> **BRIEF**
Images should not appear in the copy, yet every line of the listing below must be printed exactly.

> **SUPPLIED MATERIAL**

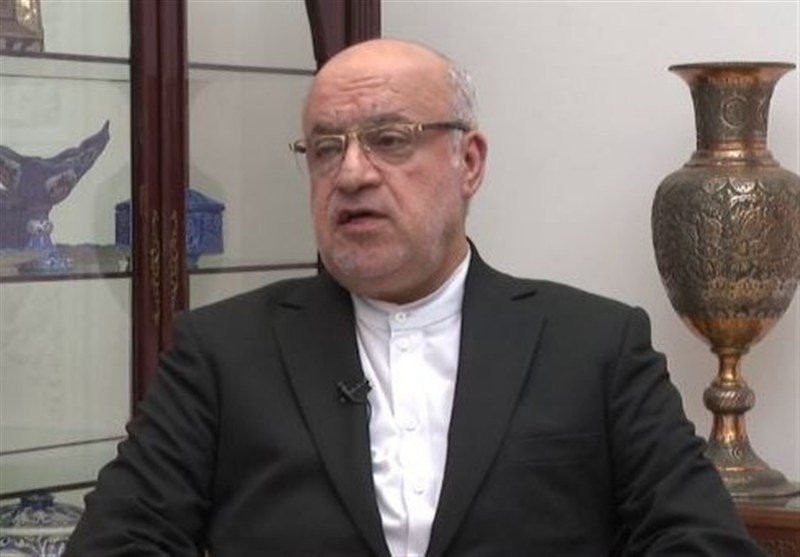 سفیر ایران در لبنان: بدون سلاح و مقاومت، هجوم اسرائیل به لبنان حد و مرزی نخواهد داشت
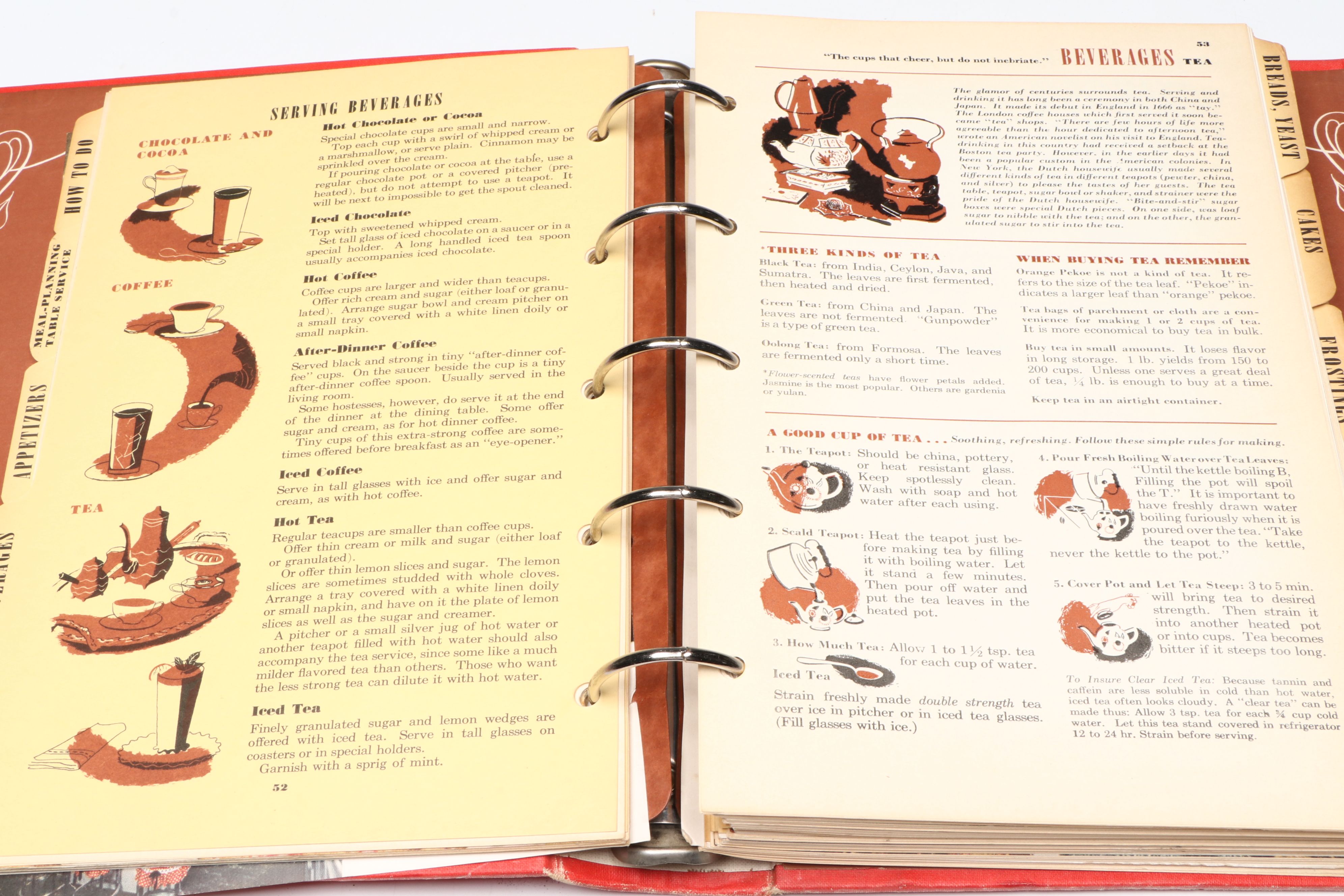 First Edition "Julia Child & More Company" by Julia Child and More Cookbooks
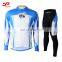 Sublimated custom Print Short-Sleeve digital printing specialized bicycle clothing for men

> **RESPONSE TO THIS EXERCISE**
 سفیر ایران در لبنان: بدون سلاح و مقاومت، هجوم اسرائیل به لبنان حد و مرزی نخواهد داشت
 First Edition "Julia Child & More Company" by Julia Child and More Cookbooks
 Sublimated custom Print Short-Sleeve digital printing specialized bicycle clothing for men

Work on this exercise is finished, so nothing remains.